I have realized that now for a family I have Matt, Cheryl my sister, her son David and daughter Michelle, my sister inlaws Patti and Adrienne, my nieces Amanda and Alicia and nephews Derek, Shane and Ryan. It is weird to go from a huge large family who I thought all once cared and loved me and soon realized I was wrong, not only by the threats and things said to me which I will explain to you all later on this blog.
But I also realize this by the fact that if someone says they love you in spite of the fact you are gay and have to bring this up every time they say they love you or tell someone they love you, they truly don't love you or accept you for who you are, this is very hard for me and I am so saddened by this. My parents have basically disowned me and this is all due to my nephew and my one sister with who I share this my birthday, the whore is 45 today.
I use to look forward to 3 phone calls every year on my birthday and this year I will be lucky to get one of those! Mom use to call, but that is done, Brad use to call me every year, but it has now been 2 weeks since he has passed away, I miss you my little brother, and Cheryl use to call so i am sure I will hear from her at some point today. Maybe this year Adrienne and Patti will call me and just remind me that it should be a happy day. I want to mention I thank all my face book friends and family for all the birthday wishes, you all know how to make an old man feel loved.
So to get back to the reason I am not speaking with most of my family and have had to cut them out of my life. 1 week ago Saturday was my little brothers memorial as you well know if you read this regularly, my parents declined to go to Brads memorial because they were being self fish and Kory my nephew was asked not to go for personal reasons I am not comfortable getting into. Anyhow because of this Mom and Dad did not even go to say good bye and this caused a rift because Mom got all pissy that no one stood behind their decision. I can not and will not ever back a decision by anyone which I do not agree with.
On the Friday morning when we were in Alberta and the day before Brads service all hell broke loose at the farm. Charlene was strung out again on her meth or drug of choice, Kory was being his normal asshole self and his girl friend who looks like Boso the clown was just being a bitch, plain and simple. Ernie formerly known as my father was just being rude to both Matt and myself and well Mom she just let the water works flow and blamed everyone else.
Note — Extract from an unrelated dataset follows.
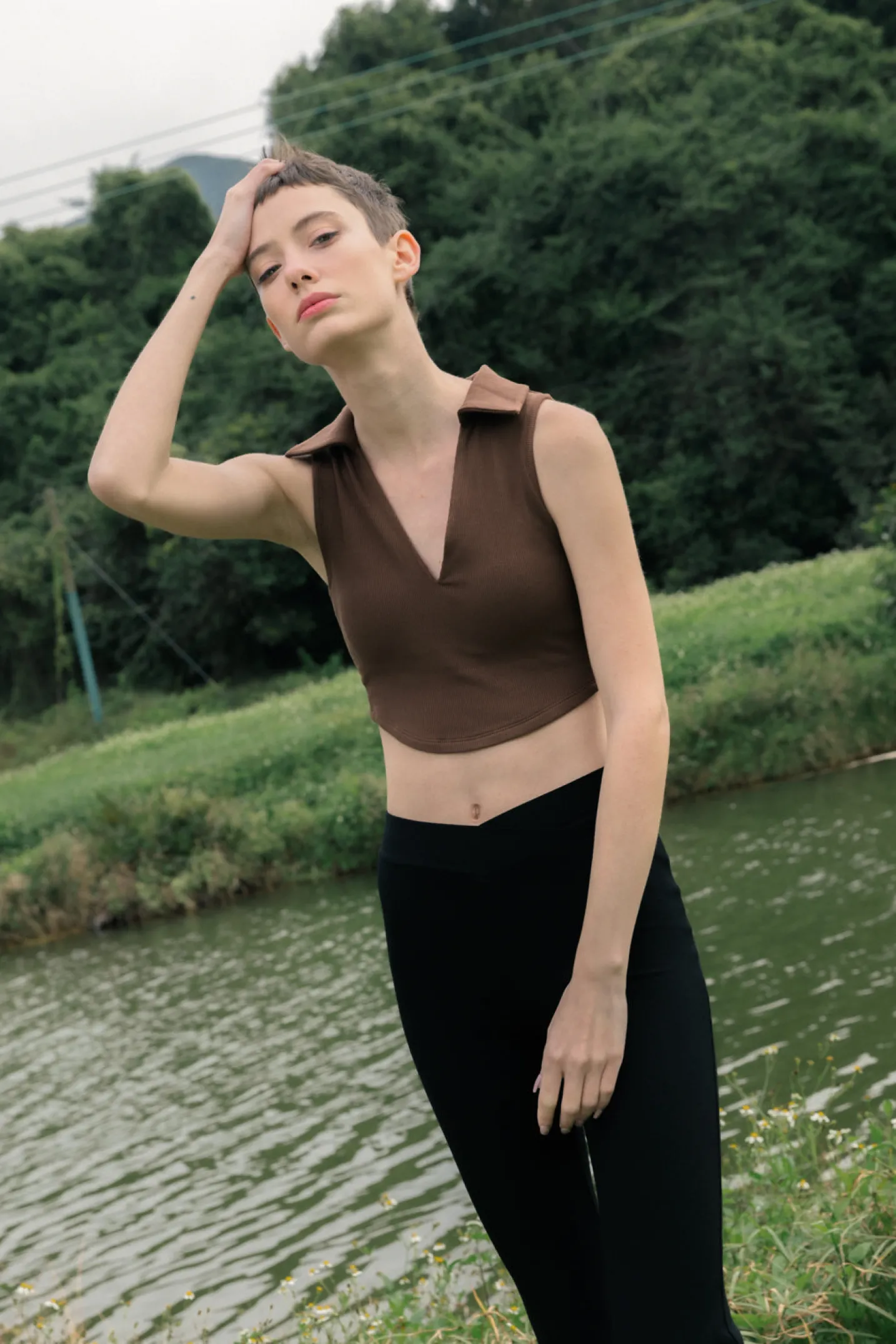 POLA Bra Top - Mocha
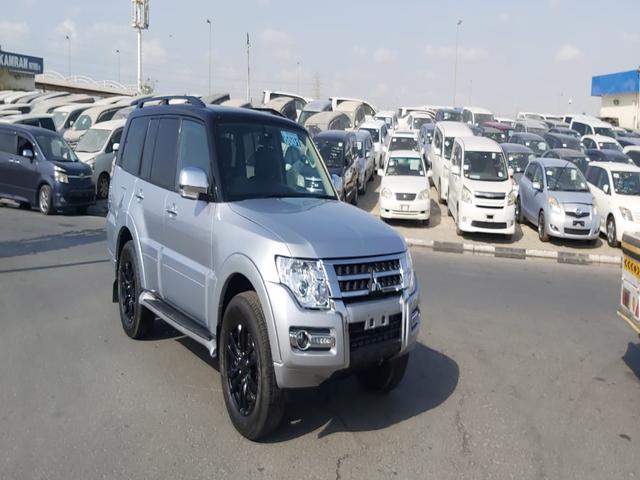 2016 Mitsubishi Pajero Sports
Following this Matt and I left the farm and went up to stay with Cheryl that day and for the remainder of our stay which was shortened due to rude messages and call from Mom. We left on Sunday afternoon instead of Wednesday morning as we were suppose to. I won't get into what was said and all that shit, lets just say I have been disowned.
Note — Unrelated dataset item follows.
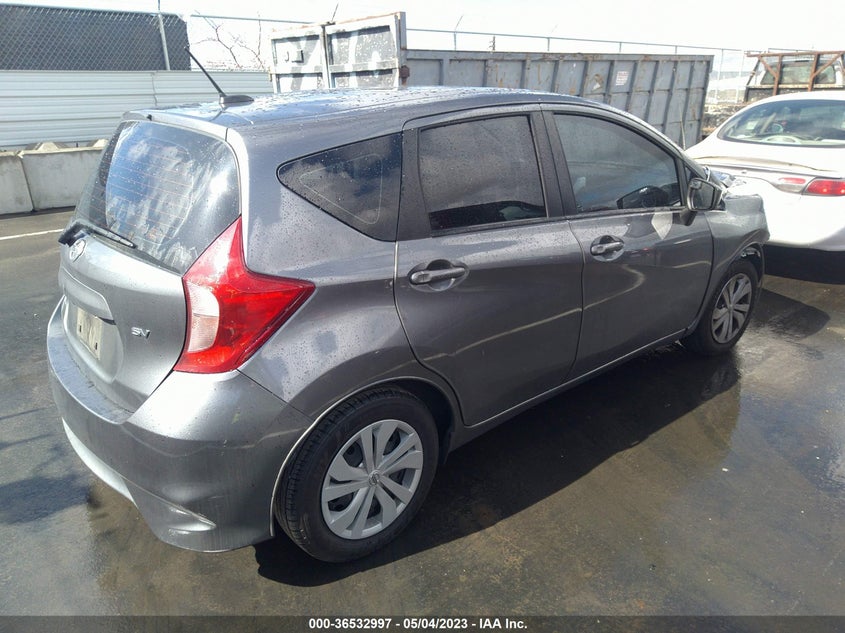 VIN 3N1CE2CP1HL367879 2017 NISSAN VERSA NOTE SV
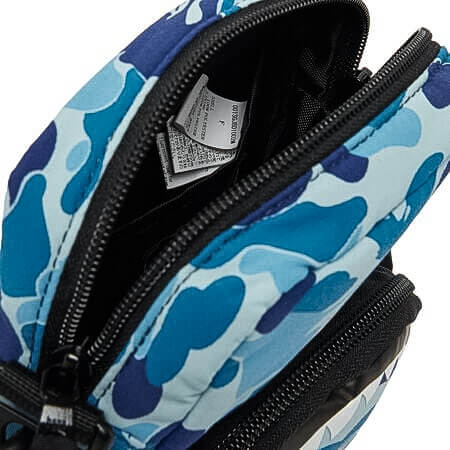 Abc Camo Shark Mini Bag - Blue - Image 3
I guess the point of me telling you all of this is just to say that being gay is never easy and you will always have family who chooses not to be apart of your life but as you get older you also realize that your family is not just those who are blood related but your new family becomes those who you love and those who love you for who you are. That is what my family now consists of, it is no longer about those who I am directly related to through blood, but I have gotten the chance to pick my family and I am lucky for they have picked me as well. You kn ow who you are and I just want to thank you all for choosing to love me for who I am.
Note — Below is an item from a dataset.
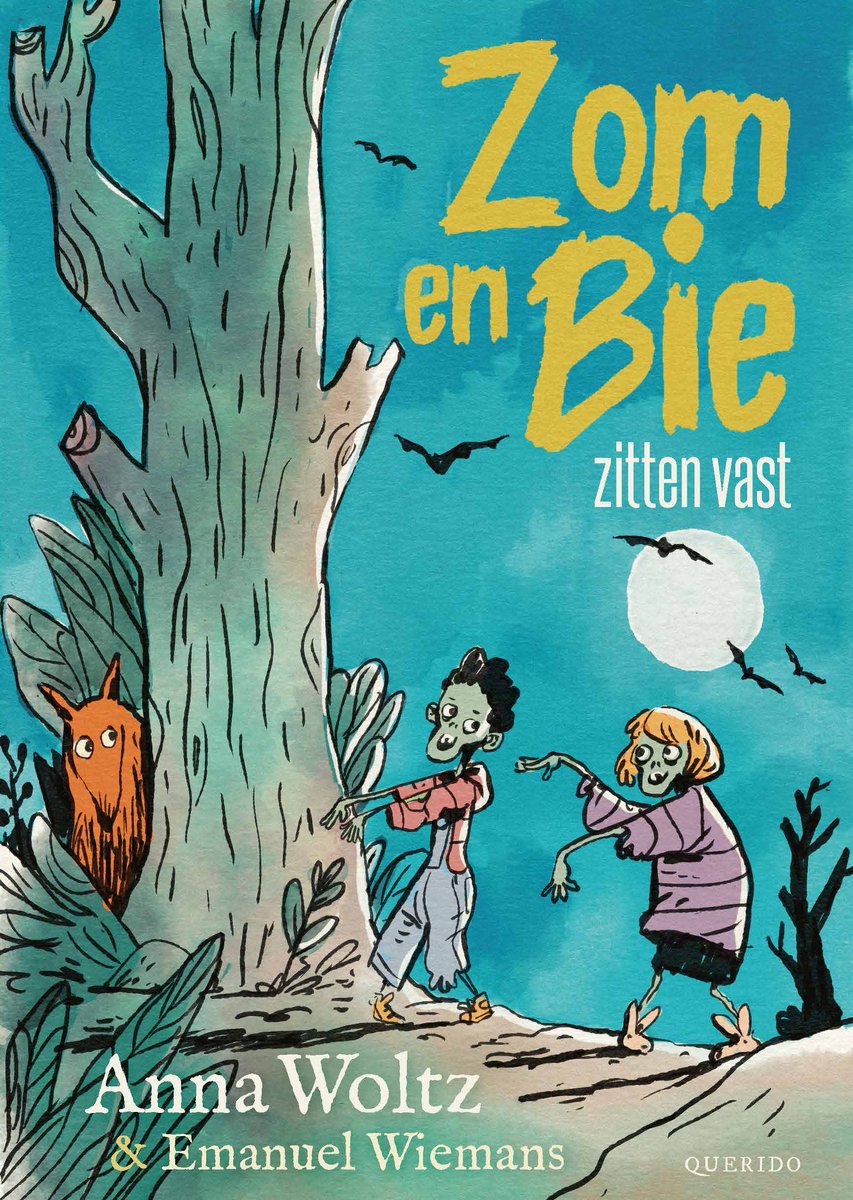 Tijgerlezen - Zom en Bie zitten vast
As for the last weekend my ex sister the crack whore(yes I can call her that, it may seem harsh, but it is true), her son Kory and her father Ernie all sent me threatening text messages and phone calls all Saturday night from 11pm till 3am until I eventually blocked all 4 numbers on my phone and then they started to call Matts phone and leave messages. Was a horribly rough night and basically sleepless night. That is all I am really going to say on this subject for now, except we are going to the police and laying charges and filing a report and I had to get my phone number changed yesterday.
I will try and write a more cheerful blog later on today or tomorrow, but for right now I just have to get this off my chest.
I have realized that now for a family I have Matt, Cheryl my sister, her son David and daughter Michelle, my sister inlaws Patti and Adrienne, my nieces Amanda and Alicia and nephews Derek, Shane and Ryan. It is weird to go from a huge large family who I thought all once cared and loved me and soon realized I was wrong, not only by the threats and things said to me which I will explain to you all later on this blog.
But I also realize this by the fact that if someone says they love you in spite of the fact you are gay and have to bring this up every time they say they love you or tell someone they love you, they truly don't love you or accept you for who you are, this is very hard for me and I am so saddened by this. My parents have basically disowned me and this is all due to my nephew and my one sister with who I share this my birthday, the whore is 45 today.
I use to look forward to 3 phone calls every year on my birthday and this year I will be lucky to get one of those! Mom use to call, but that is done, Brad use to call me every year, but it has now been 2 weeks since he has passed away, I miss you my little brother, and Cheryl use to call so i am sure I will hear from her at some point today. Maybe this year Adrienne and Patti will call me and just remind me that it should be a happy day. I want to mention I thank all my face book friends and family for all the birthday wishes, you all know how to make an old man feel loved.
So to get back to the reason I am not speaking with most of my family and have had to cut them out of my life. 1 week ago Saturday was my little brothers memorial as you well know if you read this regularly, my parents declined to go to Brads memorial because they were being self fish and Kory my nephew was asked not to go for personal reasons I am not comfortable getting into. Anyhow because of this Mom and Dad did not even go to say good bye and this caused a rift because Mom got all pissy that no one stood behind their decision. I can not and will not ever back a decision by anyone which I do not agree with.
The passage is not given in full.